Probably the only Guilidjan cricket player to represent an Australian team, Scott Boland is a cricket bowler with amazing stats. Thirty-two-year-old Scott became interested in the sport at the tender age of six where he competed in the under 12 division as a member of the Parkdale Cricket Club. Since then he joined various squads all the way to his teens. Interestingly enough, his strong and early start at the game did not fast track his debut in the professional league. Boland started his cricket career in the local scene, but it wasn’t until his fifth year did he begin his international one. He premiered in the global cricketing tournament when he participated in a T20I match against India in 2016. A right-handed bowler who is also capable of batting on the same arm, Boland’s rise to fame is a slow and steady one. Yet he continues to give pride to his Australian Indigenous community.
Even before he got into cricket, Jack Marsh was already a familiar name to many people in Australia. This was because Marsh was a top-notch and accomplished sprinter before he even took up the sport of cricket. This equally successful cricket star happens to be known as Australia’s fastest man. Born in 1874, first-class cricketer Marsh was a fast right-arm bowler whose ancestry is of Aboriginal Australian. He has a total of six matches credited under his name when he represented New South Wales in the 1900s. His speed proved to be a terror to many batsmen at his prime. It is said that he has managed an average of 21.47 scoring a total of 34 wickets in the process. Though he was regarded as one of the best, his cricket career did not experience as much growth as most cricketers with many pointing towards racial discrimination as the main problem.

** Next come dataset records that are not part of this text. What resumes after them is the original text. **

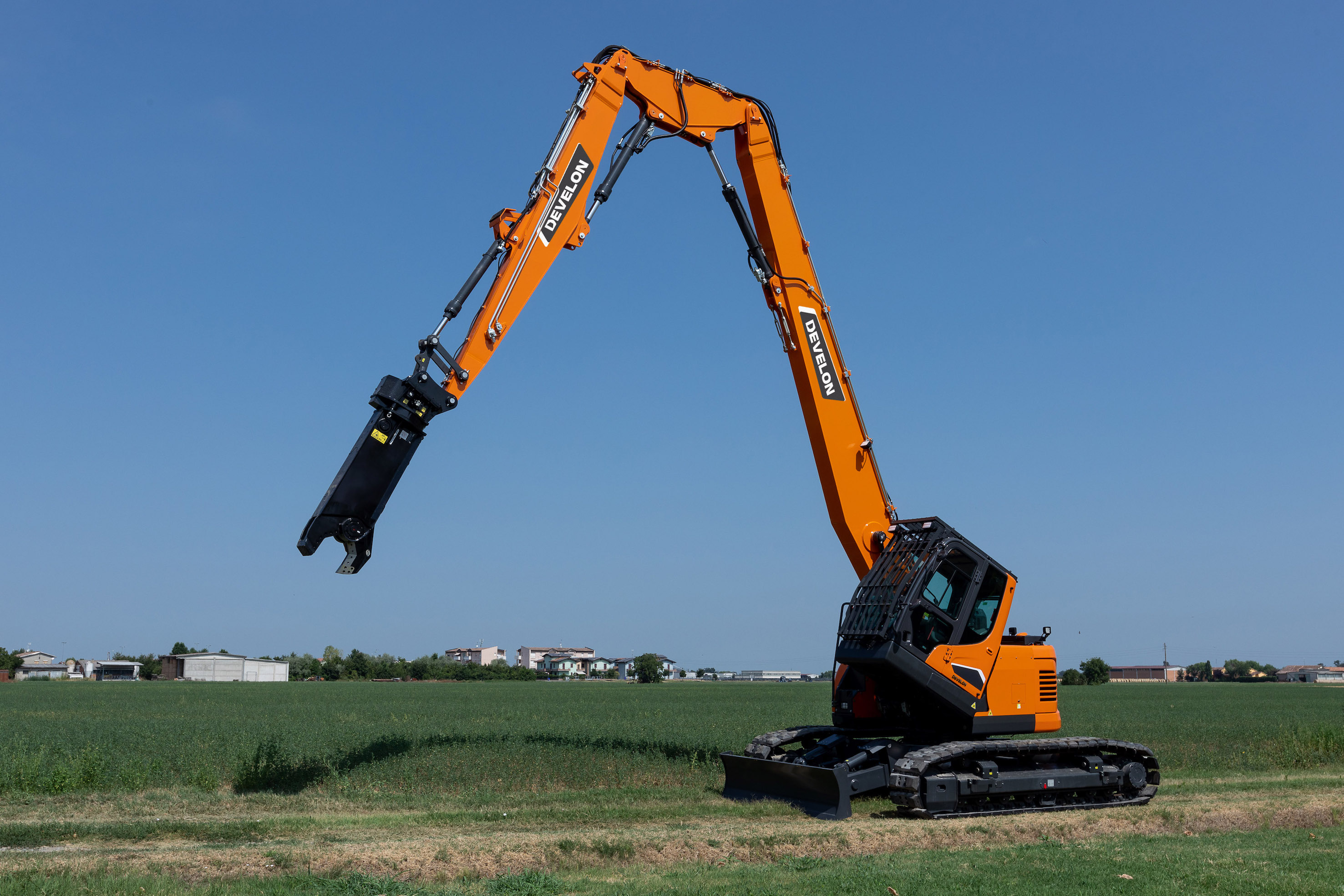 Develon claims high performance for its efficient and versatile new demolition excavator model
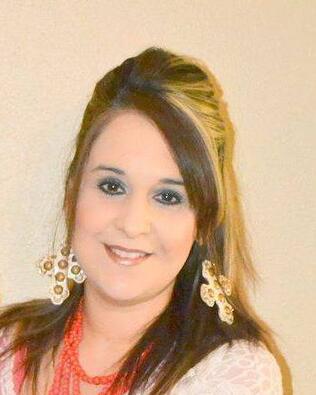 Headshot of Roxie Perez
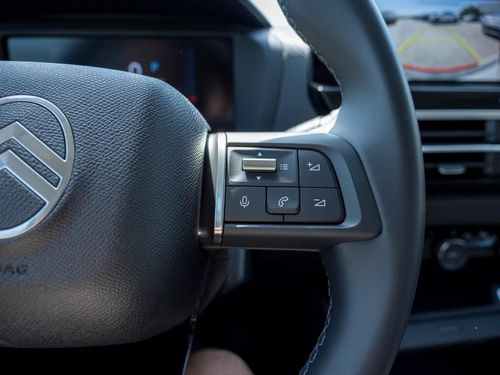 Citroen e-C4 - Photo 30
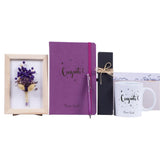 Cadeau diplôme personnalisé : cadre de fleurs séchées, carnet violet Congrats au nom, stylo gravé et mug Congrats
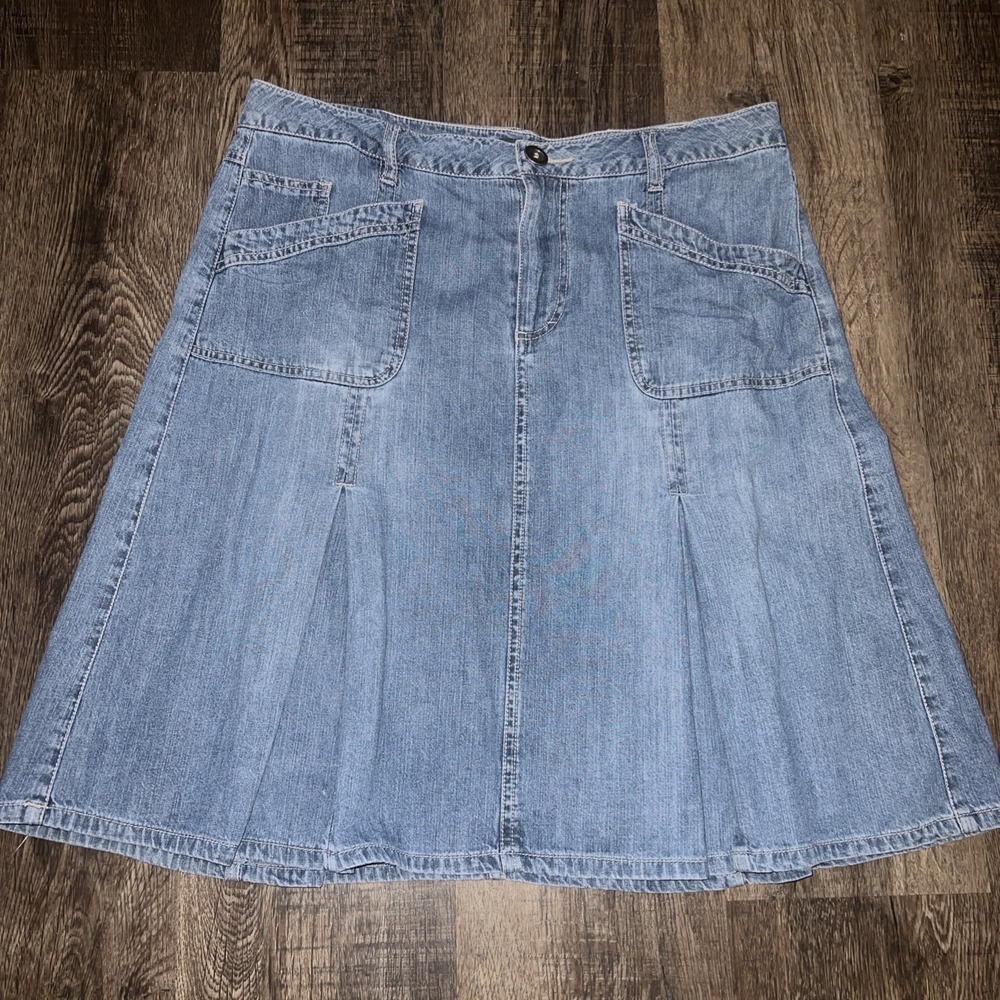 Vintage French Cuff ~Sz 12~Womens Lightweight Knee Length Pleated Denim Skirt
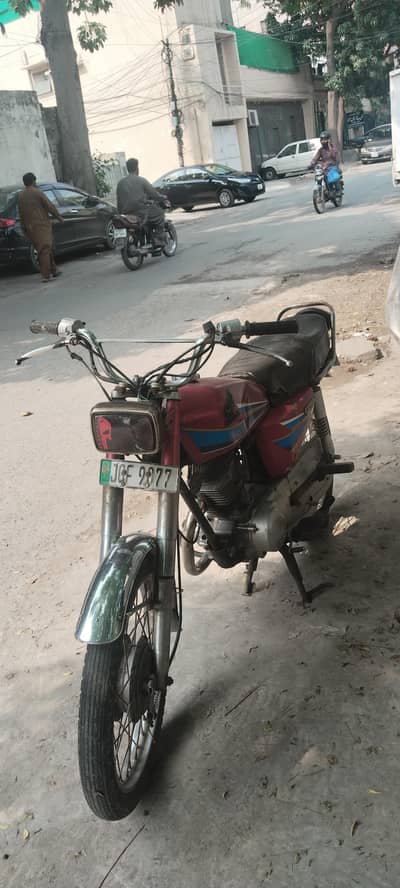 Honda 125 used all paper clear biometric available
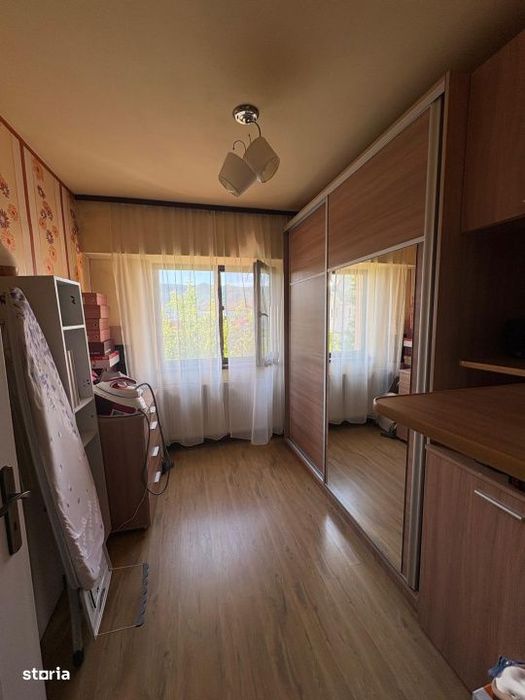 Apartament 4 camere | 80 mp| Etaj 2 | Utilat | Bulevardul Traian – B
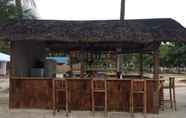 Bar, Kafe dan Lounge 4 La Playa Estrella Beach Resort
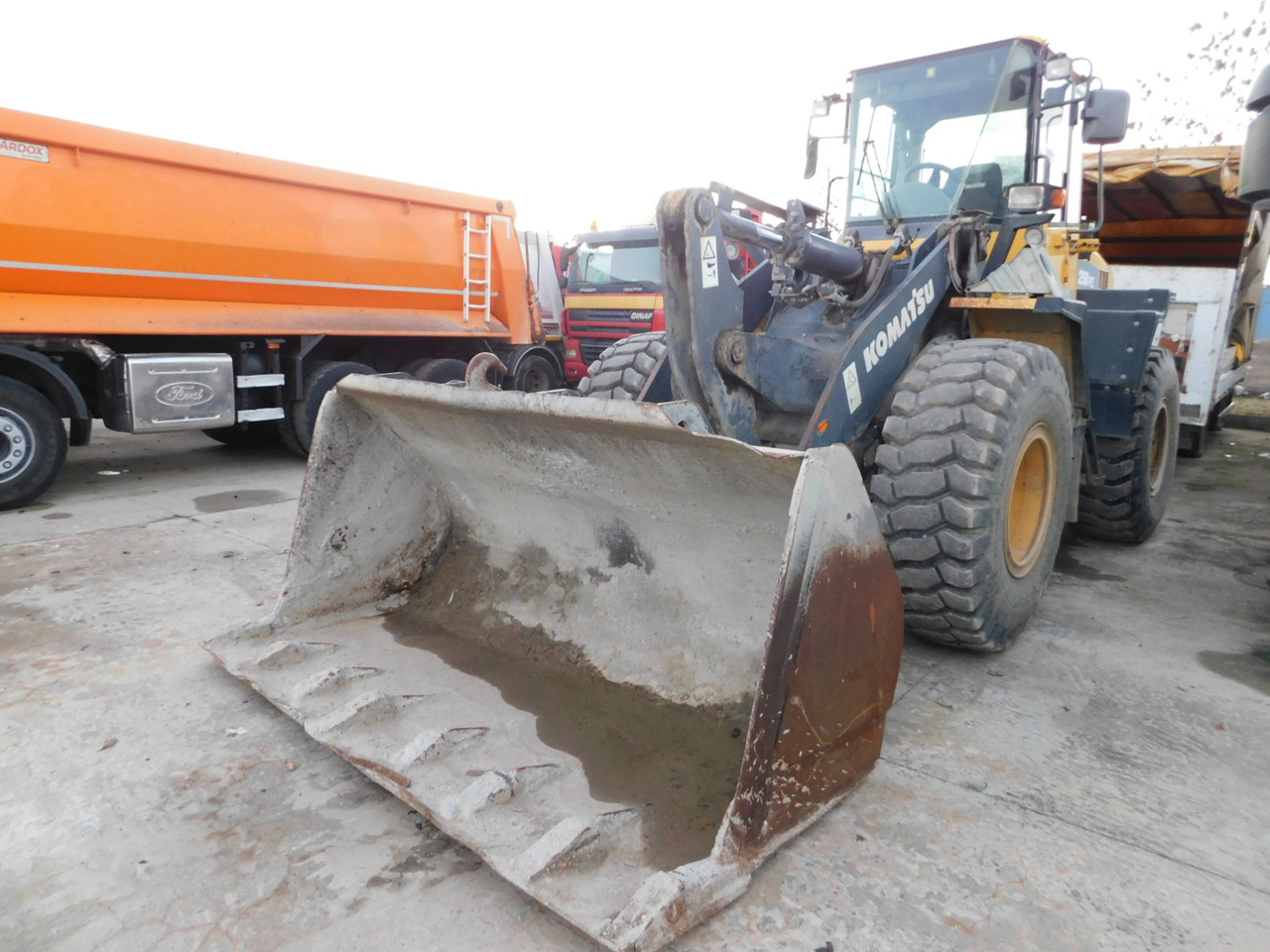Komatsu Wa250pz 5 - Pá carregadora de rodas: foto 1 Komatsu Wa250pz 5 - Pá carregadora de rodas: foto 1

Queensland-born Edward is said to be one of the fastest bowlers of Aboriginal ancestry to be produced by Australian cricket. Of his accomplishments, Eddie’s ruthlessness and aggression during a match ended up with him knocking a bat out of the grasp of another player’s hand. Eddie, who used to work on farms honed his bowling skills at a very young age. This once slow-paced bowler eventually played in countless first-class matches, he has 87 wickets total with an impressive 28.97 cricketing average. He played for over 5 years before retiring from the sport. A bronze statue stands in his honor just outside Allan Border Field.
This 19th-century cricket player originates from Lowood Queensland. Like Eddie, Albert is another bowler with an impressive pace. This right-handed first-class cricketer debuted in a March 1902 match between NSW and Queensland. As per records, Albert is recognized as the first-generation Aboriginal cricket player to represent his native Queensland. His premier into the professional arena was met with much fanfare because it was the first time that two opposing teams played with Aboriginal Australian cricketers. The first-class cricket event was widely covered by the media but was not the last that these Indigenous cricketers played against each other. Due to poor health, Henry’s sporting profession was cut short, he passed at the age of 30 from tuberculosis.